Why is this asked in interviews?

This is a standard greedy optimization problem. Interviewers ask it to test a candidate's familiarity with Priority Queues (Max Heaps). It evaluates if you know how to repeatedly access, process, and re-insert the largest element in a dataset efficiently. It is a highly reliable screener for basic data structure competence.

Algorithmic pattern used

The problem is tailor-made for a Max Heap (Priority Queue). Since you want to maximize your score, you should always pick the absolute largest number currently available in the array.

1. Insert all array elements into a Max Heap.
2. Loop k times.
3. Pop the largest element, add it to your score.
4. Calculate ceil(value / 3.0) and push it back into the heap.
5. Return the total score.

Example explanation

Array: [10, 20, 7], k = 3. Build Max Heap: [20, 10, 7]. Score = 0.

• Operation 1: Pop 20. Score = 20. Push ceil(20 / 3) = 7. Heap: [10, 7, 7].
• Operation 2: Pop 10. Score = $20 + 10 = 30$. Push ceil(10 / 3) = 4. Heap: [7, 7, 4].
• Operation 3: Pop 7. Score = $30 + 7 = 37$. Push ceil(7 / 3) = 3. Heap: [7, 4, 3]. Operations complete. Total maximum score is 37.

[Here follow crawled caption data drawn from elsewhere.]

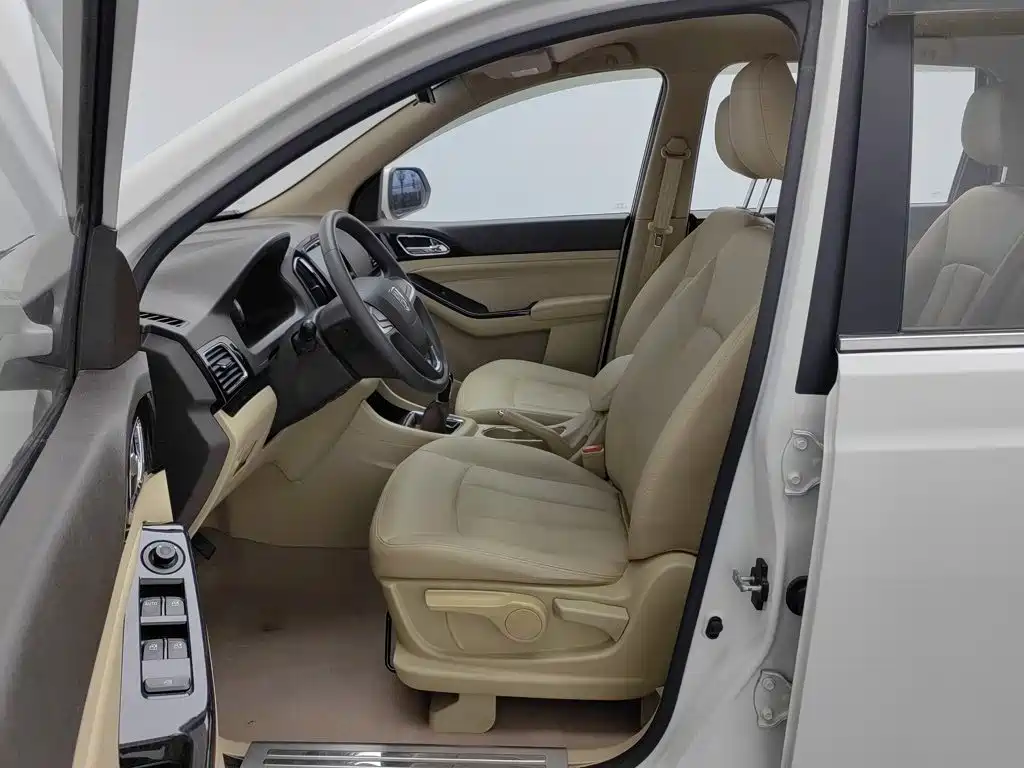 Baojun 730 — миниатюра 10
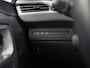 Peugeot 2008 1.2 PureTech Sport (NAVIGATIE, AIRCO, PANORAMADAK, CRUISE, PARKEERSENSOREN, LM VELGEN, NIEUWE APK, NIEUWSTAAT)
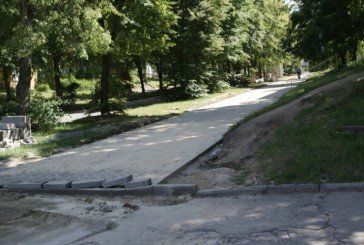 У Тернополі, на вулиці, яку не ремонтували 40 років, з’ явились нові пішохідні доріжки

Common mistakes candidates make

A very common programming error is doing integer division before applying the ceiling function. In Java or C++, Math.ceil(10 / 3) will result in 3.0 because 10 / 3 performs integer division (truncating to 3) before ceil is called! You must use floating-point math: Math.ceil(10 / 3.0). Another mistake is sorting the array and iterating backward, which fails because the reduced elements might still be larger than other elements in the array.

Interview preparation tip

When solving the Maximal Score After Applying K Operations coding problem, always use double division to ensure accurate ceiling calculations. Furthermore, recognize that extracting the maximum element dynamically over multiple steps is the textbook definition of a Priority Queue. Mentioning that Heap extraction is $O(\log N)$ while resorting an array is $O(N \log N)$ shows a strong grasp of algorithmic time complexities.